Many seamounts are biodiversity hotspots, as they interact with ocean currents enhancing the biological productivity around them. In the case of the northeast Atlantic seamounts, deep ocean currents are diverted at the seamount inducing upwelling. Outcropping rocks permit the settlement of species that would not find suitable substrates on sediment covered seafloor.

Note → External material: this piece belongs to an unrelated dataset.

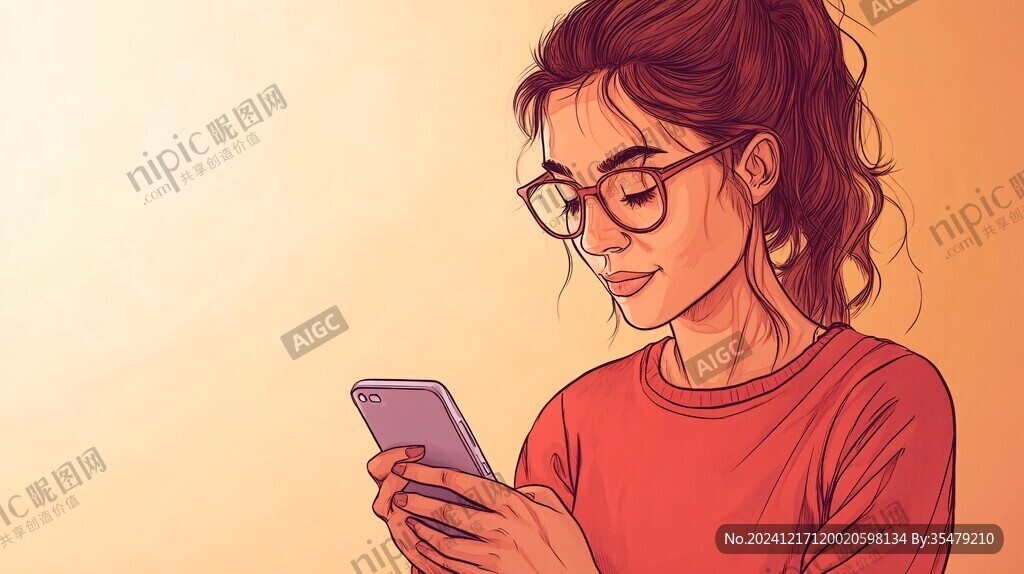 插畫自拍的女人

Underwater video has identified a number of animals living on Coral Patch Seamount, but in general animals are rare and corals do not form large colonies. These include actinians, anemones, asteroids, barnacles, bivalves, (Note: A number of bivalve species have been first discovered on Coral Patch Seamount, including Ancistrobasis lavaleyei, Basilissopsis vanheugteni, Chrysallida intorta, Fusceulima coralensis, Fusceulima victorhensenae and Papuliscala lydiae. The gastropod Iphitus davidei was discovered on Coral Patch Seamount.) brachiopods, dendrophylliid corals, Eguchipsammia, Lophelia pertusa and Madrepora oculata corals, crinoids, echinoids, octocorals, and sponges, most of which are attached to bedrock. Crinoids and hydrozoans settle on corals. Mobile animals include annelid serpulids, the crab Mediterranean geryon, the fish Atlantic wreckfish, blackbellied angler, rattails and silver roughy, gastropods and shrimps. Most animals on Coral Patch Seamount appear to be suspension feeders.

The seamount is heavily fished. Underwater observations have found numerous fishing lines and other debris from human activity on Coral Patch Seamount. Fishing may be the reason why there are few animals on the seamount; a lack of nutrients may be another reason. Rocks dredged from Coral Patch Seamount feature evidence of endolithic microorganisms, i.e., microorganisms that live within the rock. This evidence may yield cues about the identification of past life on Mars, as the basaltic rocks could be a suitable environment.